Private First Class Manuel Pérez Jr. (March 3, 1923 – March 14, 1945) was a United States Army soldier who posthumously received the Medal of Honor, the United States' highest military decoration, for his actions in Battle of Luzon during the Philippines campaign of World War II.

Early years[edit]

Pérez was a Mexican-American born in Oklahoma City. As a young boy, he moved to Chicago, Illinois, where he was raised by his father, Manuel Pérez Sr., and his paternal grandmother. There he received his primary and secondary education. He worked for Best Foods before joining the United States Army upon the outbreak of World War II. After his basic training, the Army sent him to paratrooper school.

World War II[edit]

Japanese forces had invaded the Philippine islands and had under its control all of the U.S. Military Installations including Fort William McKinley which was located just south of Manila the capital. Fort William McKinley was where USAFFE (United States Army Forces - Far East) had its headquarters for the Philippine Department and the Philippine Division. The bulk of the Philippine Division was stationed here and this was where, under the National Defense Act of 1935, specialized artillery training was conducted.

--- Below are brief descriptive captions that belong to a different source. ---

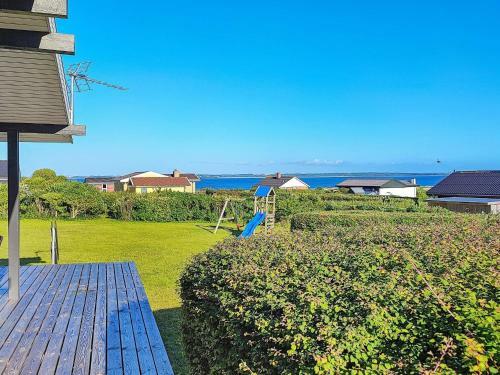 Holiday Home �ster Assels VII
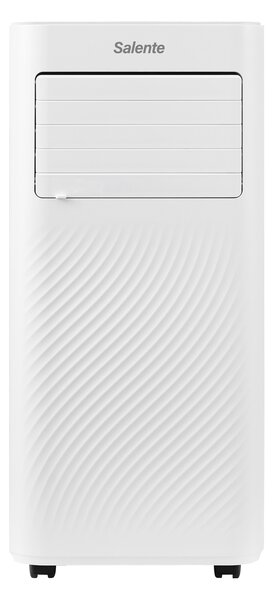 Salente SummerICE9, chytrá mobilní klimatizace, 9000 BTU, WiFi+Bluetooth, dálk. ovl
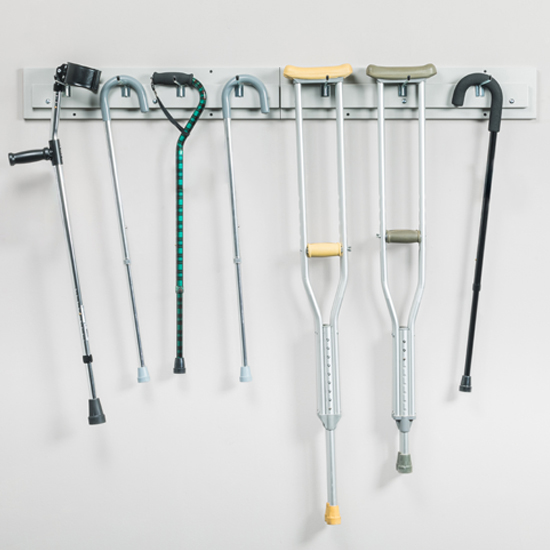 Roll/Cane/Crutch Rac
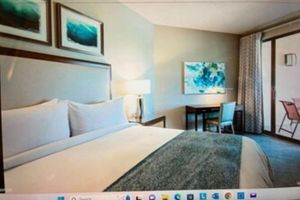 Alojamiento - Marriott's Sabal Palms Resort, Orlando, Florida,  2BR-2BA villa, unit A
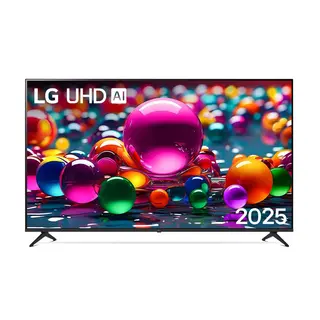 Produktfoto för LG 75" TV LED 4K 75UA75006LA UA75 Series - 75" LED-backlit LCD TV - 4K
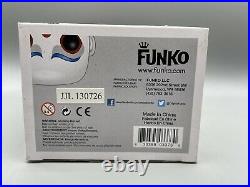 Funko Pop! The Joker Bank Robber AUTHENTIC Vaulted The Dark Knight #37 See Pics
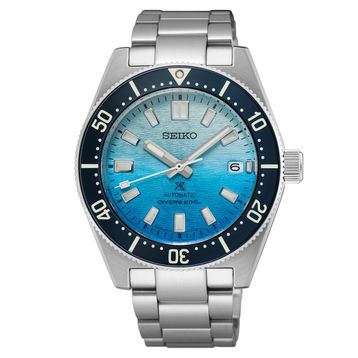 Seiko Prospex SPB473J Limited Edition Island Blue Otomatik Erkek Kol Saati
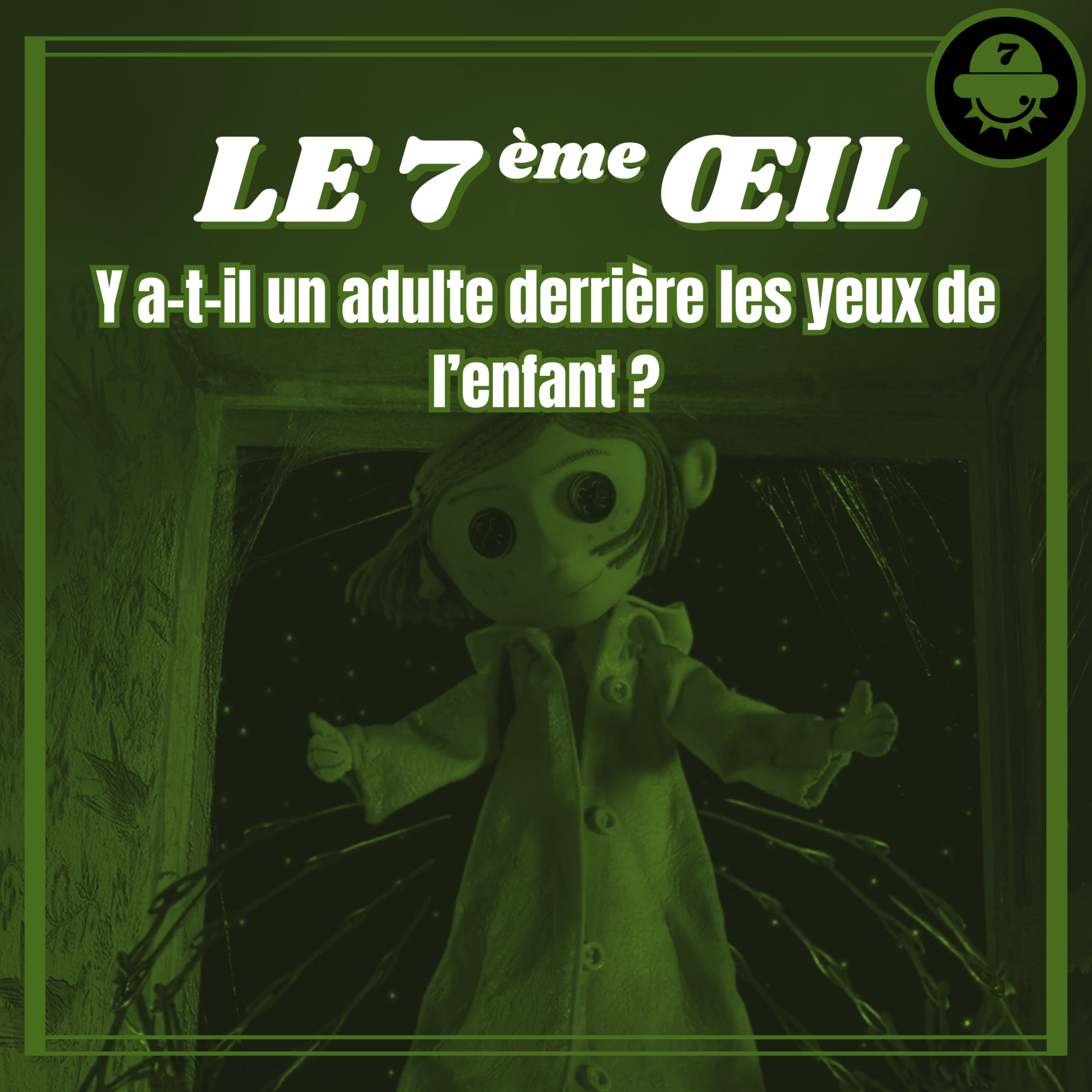 Le 7ème œil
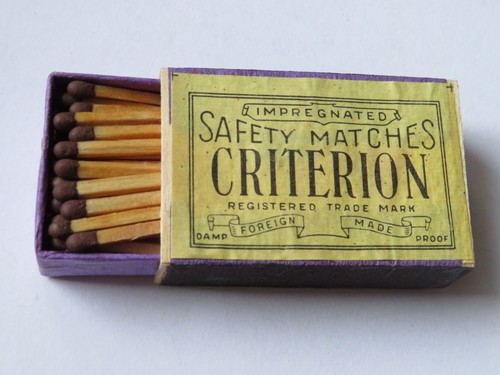Safety matches sweden - safety, matches,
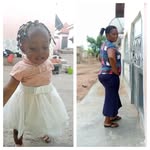 Grace Laryea - @laryea925 - Instagram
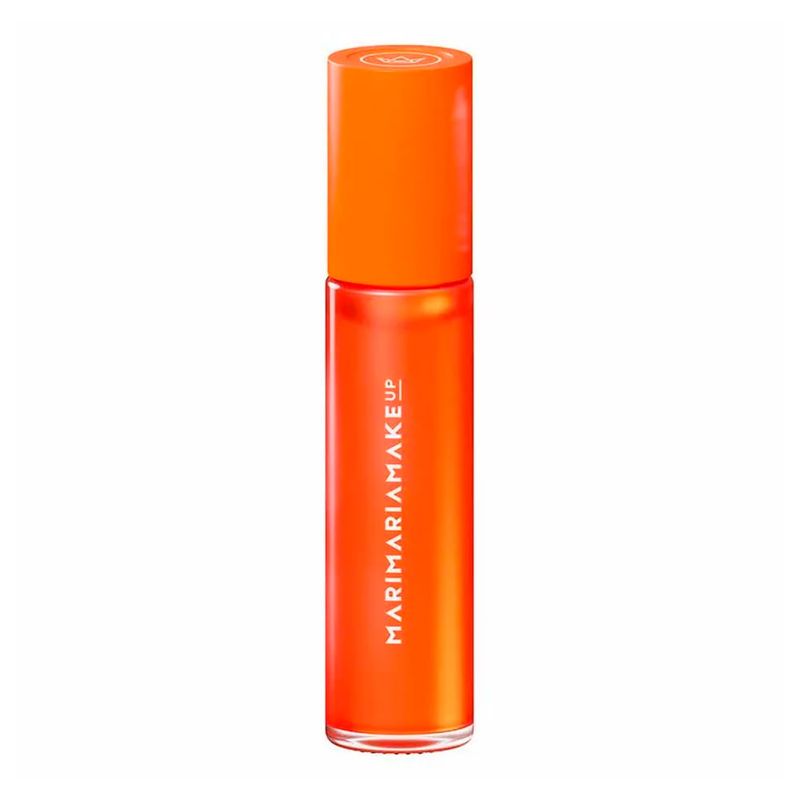 Mari Maria Lip Orange Vitamina C - Óleo Labial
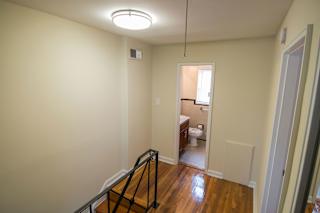 Brookville Two Bedroom Townhome First Bedroom 8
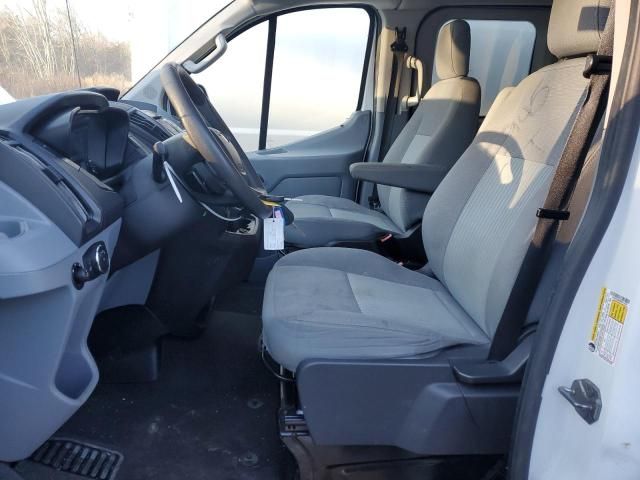 2017 Ford Transit T-350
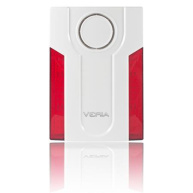 Veria Venkovní akustická siréna  10403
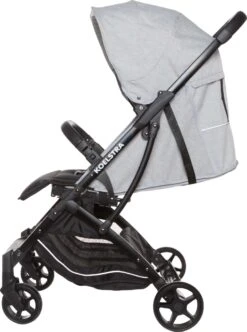 Koelstra Compact Buggy Gen - Soft Grey Melange -Maxi-Cosi Winkel 894x1200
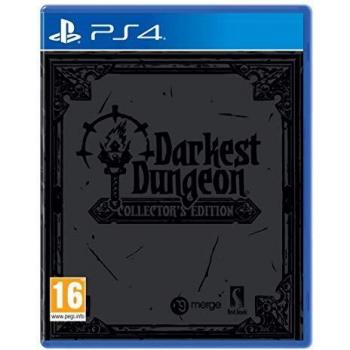 Darkest Dungeon Collector's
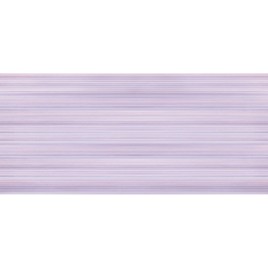 Миракл Плитка настенная сиреневая (MCG221D) 20x44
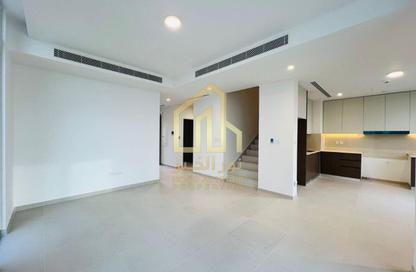 Villa - 4 Bedrooms - 4 Bathrooms for rent in Parkside 1 - EMAAR South - Dubai South (Dubai World Central) - Dubai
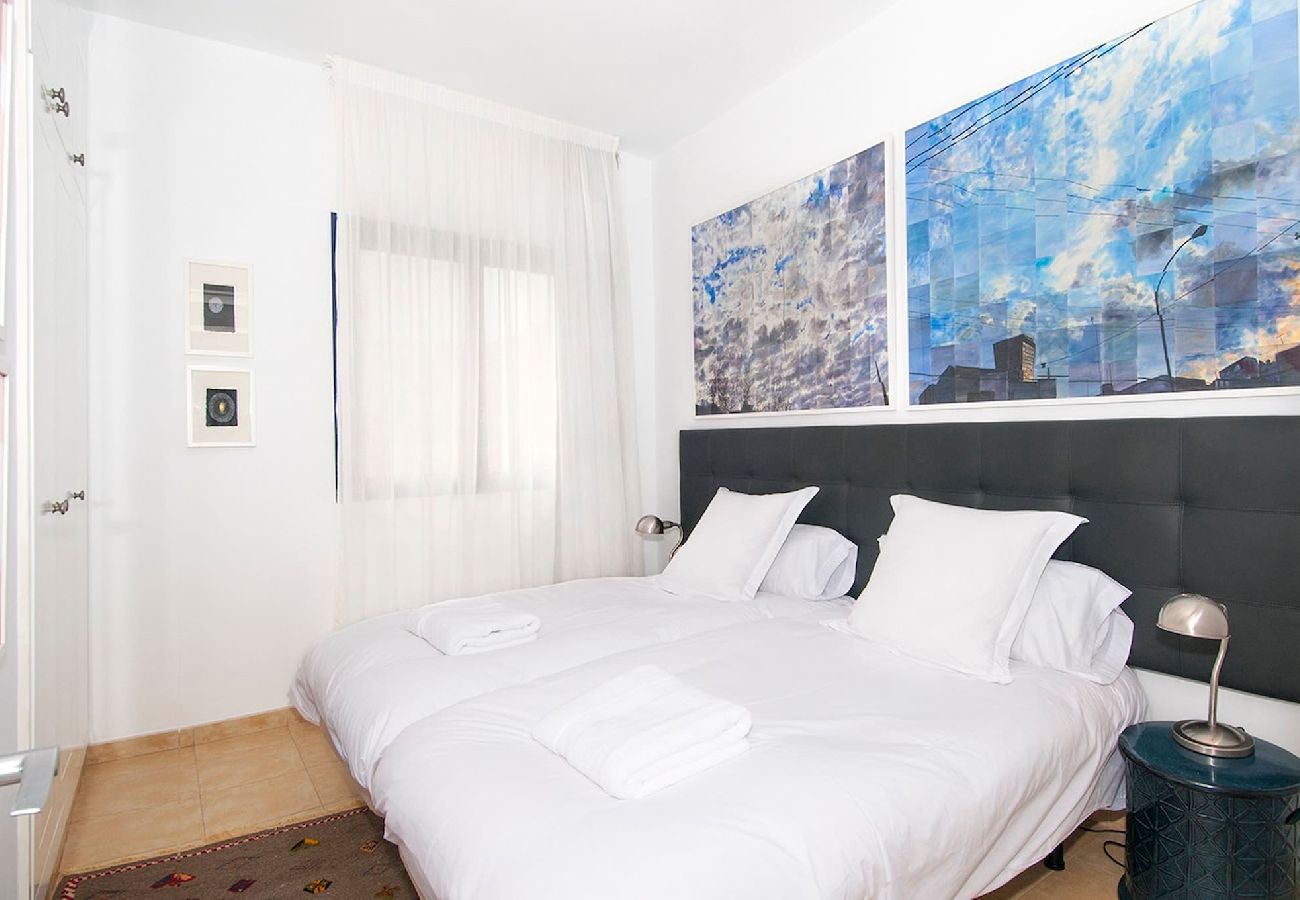 House in Maspalomas - Bahia Meloneras Suites I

In 1945, Pérez was sent to the Philippines and assigned to Company A 511th Parachute Infantry, 11th Airborne Division whose mission was to take Fort William McKinley. On February 13, as the 11th Airborne Division approached the fort, it encountered a strong enemy fortified sector. The sector was composed of cement pillboxes armed with .50-caliber dual-purpose machineguns which defended the entrance to the fort.

Upon realizing that the pillboxes (Blockhouses) were preventing the advance of his division, Pérez took it upon himself to charge the fortifications and blast them away with grenades. Due to his actions, which resulted in 18 enemy deaths, his unit was able to advance.

A month later, while on the road to Santo Tomas in Southern Luzon, Private Perez was killed by a sniper.[1]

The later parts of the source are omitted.